Its about time we imposed our own values regarding confidentiality and privacy.

you cannot wait for the brainwashed to move away from a life of giving up their privacy

How do you behave when someone has an email hosted on a custom domain name? Do you perform some checks to figure out if the service they’re using is up to your standard? And what if I didn’t trust your ProtonMail address? Would you be willing to switch to something else?
Most people I know with custom domains for email use gsuite anyway.

I went the Apple route but it’s very restrictive (easy though).

What do you do when you buy a ticket and the only way of receiving the ticket is by email? It won't be encrypted on their side. Do you just never travel?

What do you do when someone just sends you an email anyway? You have no option to prevent them from sending it.

It's difficult, because no one company can do it on their own. Proton has encrypted email, but if you send an email to someone's Gmail account, or someone's email box at their personal domain, it's sitting on that server unencrypted at the end of the day.

Gmail owns a huge percentage of the market, which would go a long way, but like you alluded to, they aren't going to give up the email scanning they can do. Without that, I'm not sure Gmail is still worth it for them to run. They'd probably shut it down.

Could someone explain what happened via telephony?

Telegraph->Operator->Rotary->Touch-tone->Cellphone.

It would seem everyone of these would be a next step in technology and protocols.

Sending a text message via rotary phone is probably not possible. However, calling a rotary phone via smartphone should work.

Is there a reason why newer protocols could not be implemented/enforced?

Whereby email from proton to tuta (and similar new email services) it acts differently than when sent to the older version of email (current method).

You have already answered your question. Unless Google and Microsoft agree to implement a common E2E encryption standard for Gmail and Outlook, there is no hope.

The other hope is if some EU law does it for us :) . I am not aware if there are any discussions going in this direction.

I believe it's because a while ago Mootie or whatever his name is wrote an influential article basically saying it's impossible (you should use his app instead). I guess people just accepted it.
The mail server has to read the body of the mail message, which throws out any E2E use. SMTP is from the 1980s. There are countless SMTP servers on the Internet. You want spam filtering? Server-side rules? Can't have E2E.

That, and more, is why E2E isn't available for SMTP-based email. Many modern SMTP servers support opportunistic-TLS, potentially securing email traffic between two SMTP servers. Or forced TLS when you know the target supports TLS connections.

This isn't some "money making" or "spyware" conspiracy. It is a product of history, decentralization, and momentum.

Comparing that to modern chat apps which can be built from the ground up and their messaging protocol doesn't rely on a 40 year old standard is disingenuous at worst, ignorant at best.

While I understand the challenges with SMTP-based email, dismissing privacy concerns as ignorance is unhelpful. It's not at all a technical difficulty—Modern threats demand updated solutions, and opportunistic-TLS isn't enough. Financial incentives and data monetization do play a role in the reluctance of major providers. If new protocols can secure chat apps, similar efforts should be made for email.

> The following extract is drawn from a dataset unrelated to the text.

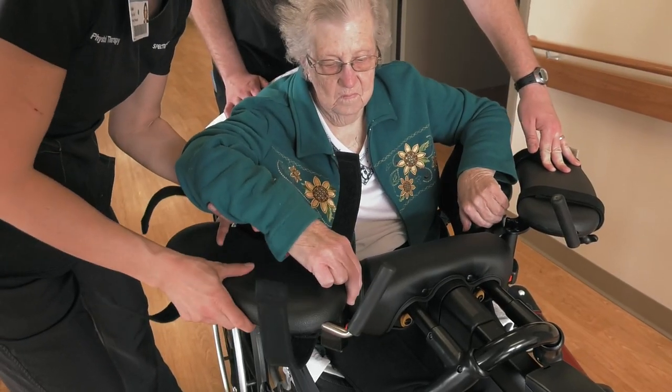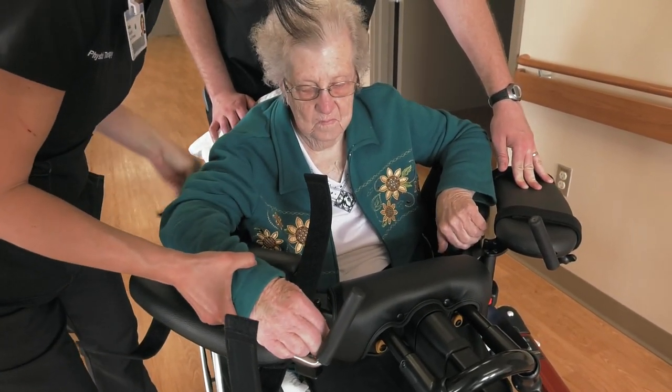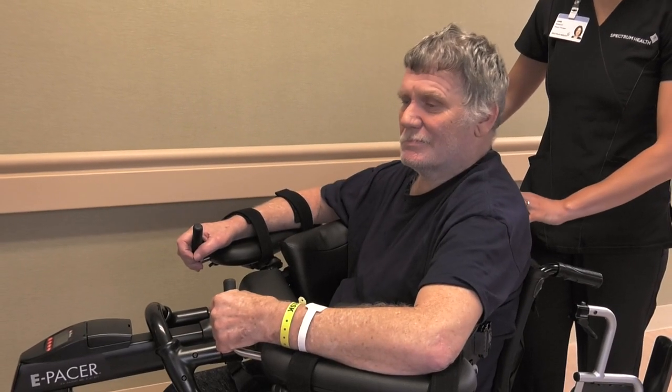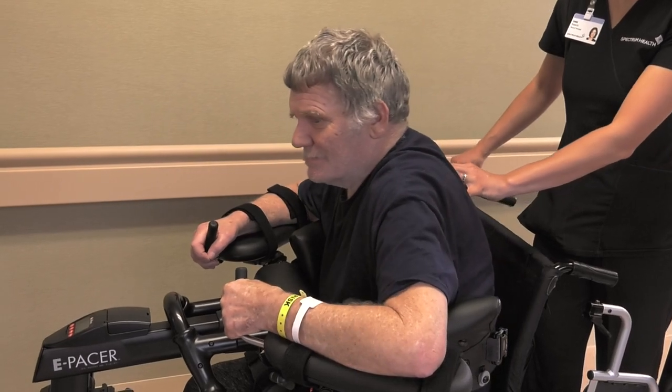Lift the patient's weak arm and then back the E-pacer up until the patient's chest is resting on the chest support. Support the patient's trunk as needed to facilitate an upright posture.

Users deserve better privacy protections despite historical constraints.

> It's not at all a technical difficult

Tell us how you'd implement it and be backwards compatible with existing SMTP servers.

> Financial incentives and data monetization do play a role in the reluctance of major providers.

Do you have evidence that they're preventing E2E SMTP from becoming an RFC?

You technically can have spam filtering with e2e encryption by using confidential computing. It's just really hard and there isn't much market demand.